3. - It shall only be deemed as constituted when attended by a majority of its members and it shall adopt its agreements by majority vote, the Chairman having the casting vote in the event of equalty.

4. - It shall meet when convened by the Chairman and, at least, twice a year coinciding with the initial and final stages of the audit of the Company's financial statements and of the consolidated accounts of its Business Group and always prior to issuing the corresponding audit reports. Meetings may be attended, when specially summoned, by the Auditor of the Company for the purposes of explaining the most significant aspects in the audits carried out.

Functions

1. - Report to the General Shareholders' Meeting on the questions presented therein by shareholders on matters of their authority.

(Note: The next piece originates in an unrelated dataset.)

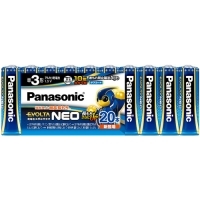 (�p�i�\�j�b�N) Panasonic LR6NJ/20SW ���d�r�G�{���^�l�I �P3�` 20�{�p�b�N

2. - Propose to the Company Board of Directors, for submission to the General Shareholders' Meeting, the appointment of external auditors as referred to in Section 204 of the Consolidated Text of the Corporations Act.

3. - Review and approve significant changes in accounting policies in the Company and in the subsidiary companies comprised within its Business Group, in addition to the Group itself. Furthermore, in general, the relationships with external auditors in receiving information on any matter which may compromise their independence and any other matter relating to the process of auditing the accounts, in addition to any other communication laid down in the legislation on auditing accounts and in technical auditing standards.

4. - Supervise the internal auditing services in the event that such a body were to exist within the business organization.

5. – Have knowledge of the Company's financial information processes and internal control systems.

6. - Review and inform on the estimates made by the Management of the Company and of those companies comprised within its Business Group with respect to possible significant fiscal and legal contingencies.

7. – Have knowledge of the results of inspections conducted by official entities.

8. - Any other matter which may be especially entrusted to it by the Board of Directors.

Article 21. - The Directors, provided that they comply with the commission received and the stipulations contained herein, undertake no personal obligation nor responsibility for the progress and outcome of business operations, except for those specifically provided for by the legislation in force.